O perlomeno così li chiamano. Dicono che è il caldo, oppure il fatto che quando la gente diminuisce si notano di più.
Pare che tutti li evitino, i pazzi. Che ne abbiano orrore. Che non riescano proprio a sopportare il fatto che uno se ne vada in giro parlando da solo, o indossando una maschera da sub, o ballando con due cuffiette sulle orecchie.
Non è una questione di pericolo. Né di schifo per la possibilità di beccarsi uno sputo. Niente di tutto questo. E' proprio la paura di guardarli, di ascoltare quello che dicono, di camminarci accanto.

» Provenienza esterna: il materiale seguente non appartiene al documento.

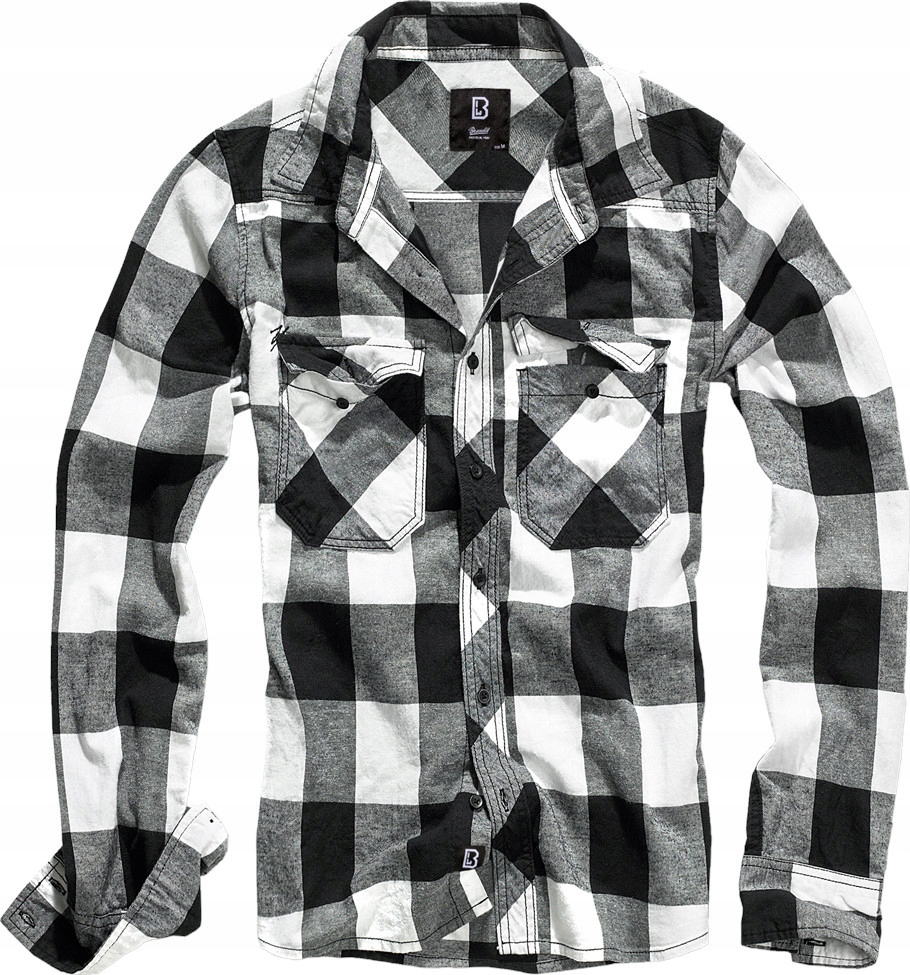 Koszula Brandit Checkshirt white/black M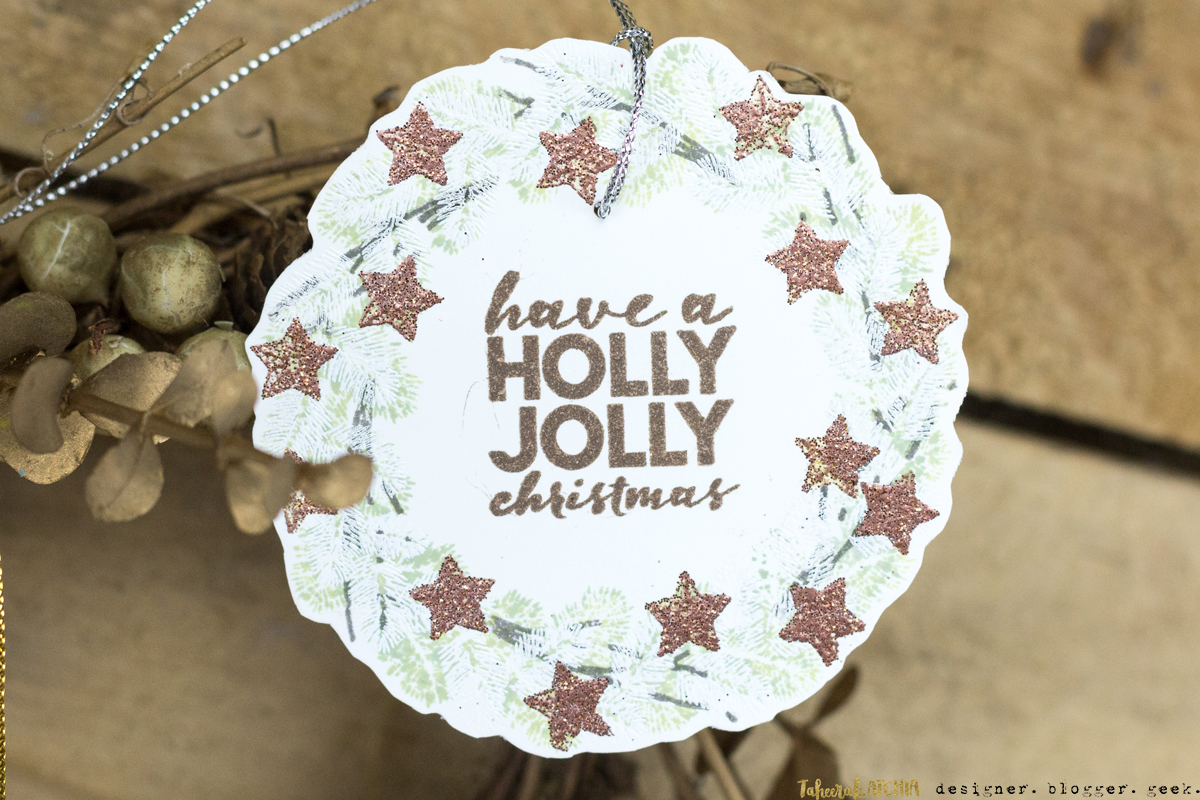 Christmas Wreath Gift Tags by Taheerah Atchia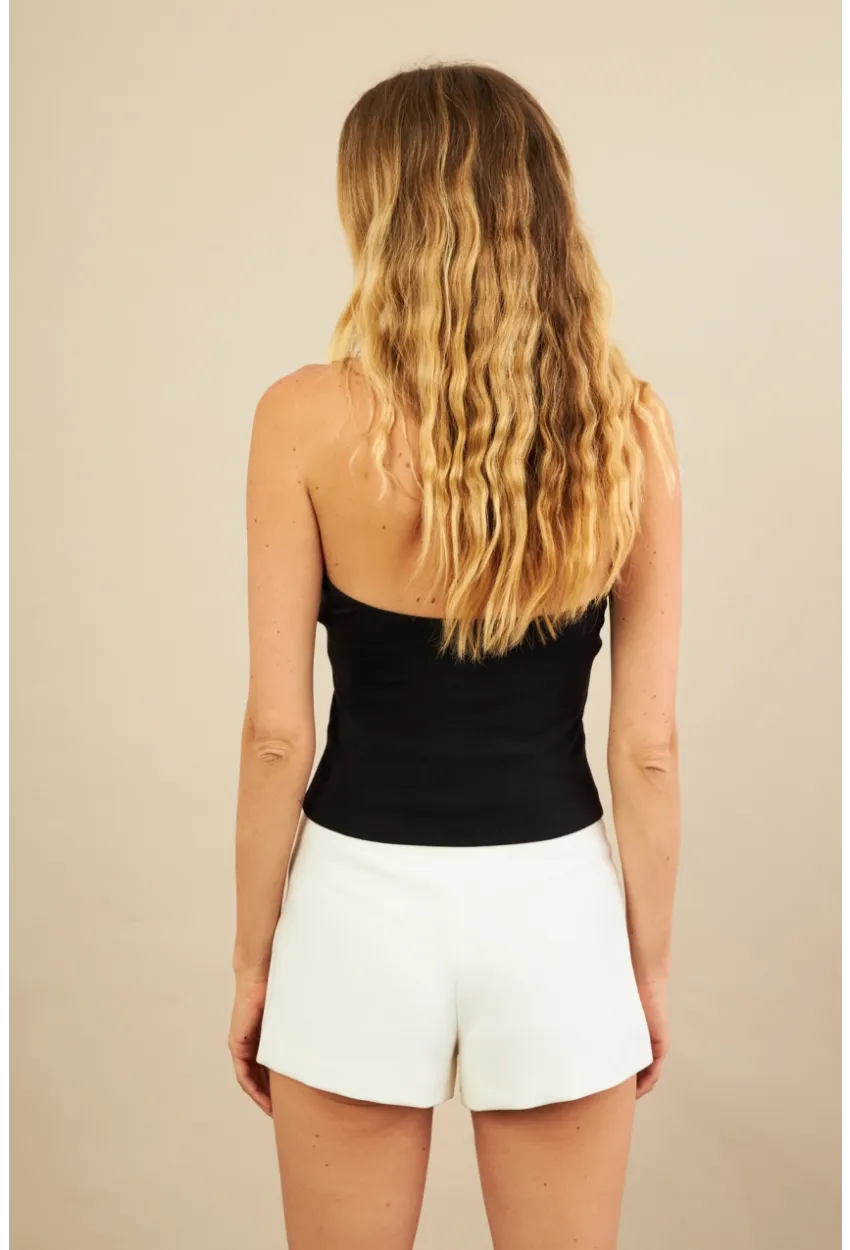 Kadın Siyah Sırtı Açık Bluz LPP1244-90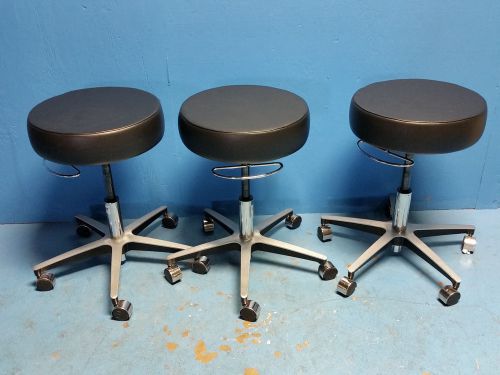 Select Medical 304US393 Pneu Stool 16&#034; Seat  w/Aluminum Base (Lot of 3)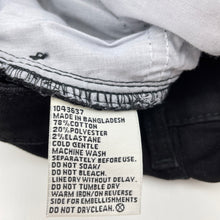 Load image into Gallery viewer, Girls Breakers, black stretch denim high waist shorts, adjustable, EUC, size 7,  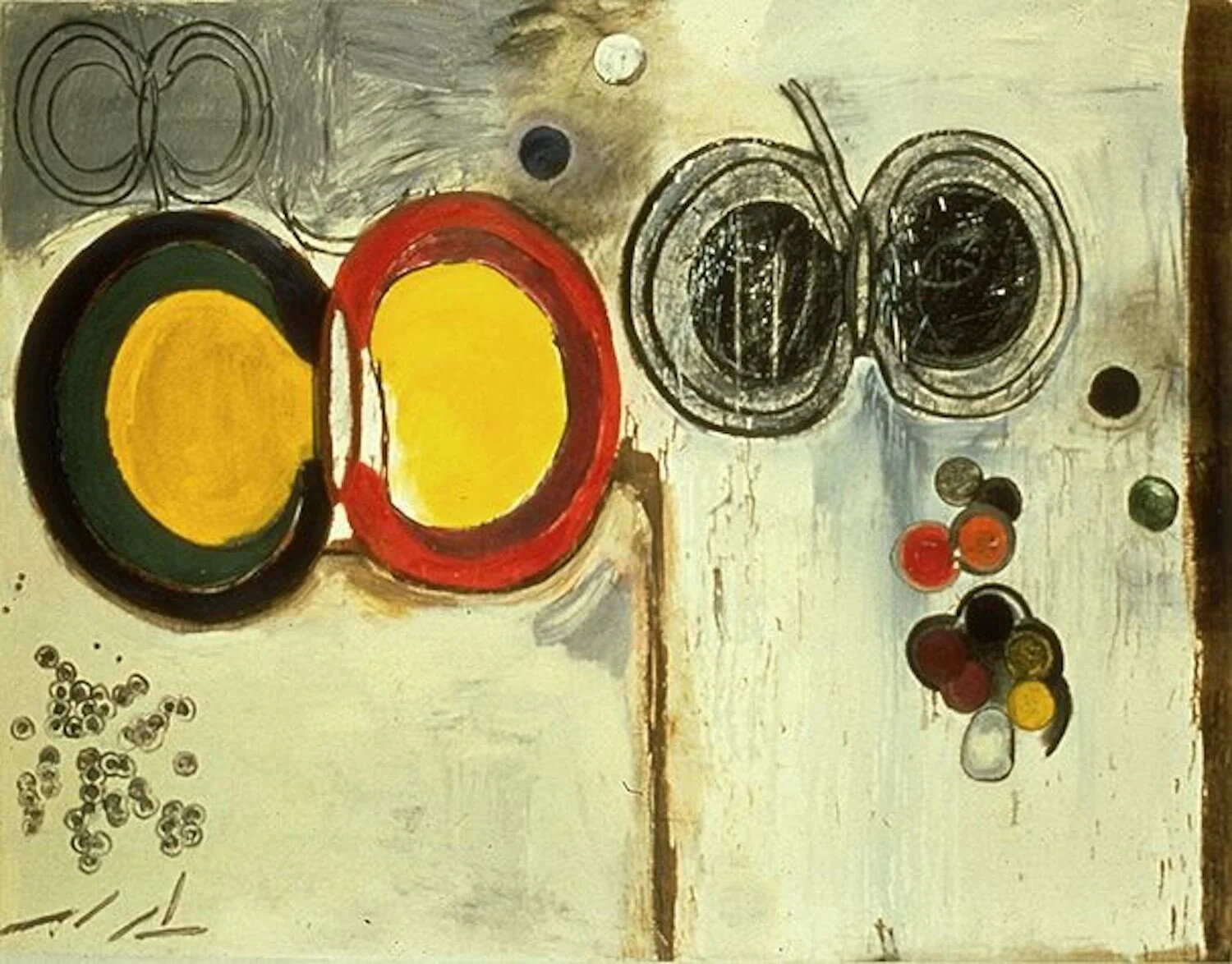 Conjugation. 1986
Oil on linen
85 x 110 inches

Dev'essere la logica, che li terrorizza. Il capovolgimento delle regole che conoscono, che applicano tutti i giorni, che finiscono per diventare l'unico riferimento concreto a cui appoggiarsi. Non ci si rivolge agli sconosciuti. Non si grida. Non si ride da soli davanti a tutti, perdio. Altrimenti viene giù tutto. E se viene giù tutto per una cazzata del genere, semplicemente perché viene violata una norma non scritta così insignificante come quella che impone di mettersi due scarpe dello stesso colore, allora quel tutto che valore ha? Poco. Pochissimo. E così la vertigine diventa un baratro insopportabile e forse è meglio cambiare marciapiede altrimenti non si sa mai, chissà quante altre cose di quelle che facciamo tutti i giorni quasi senza pensarci rivelerebbero l'equilibrio precario sul quale si fondano, il niente che le legittima, il vuoto pneumatico che le sostiene. Ad agosto Roma si riempie di pazzi.
E a volte quelli che li evitano come la peste mi fanno più paura di loro.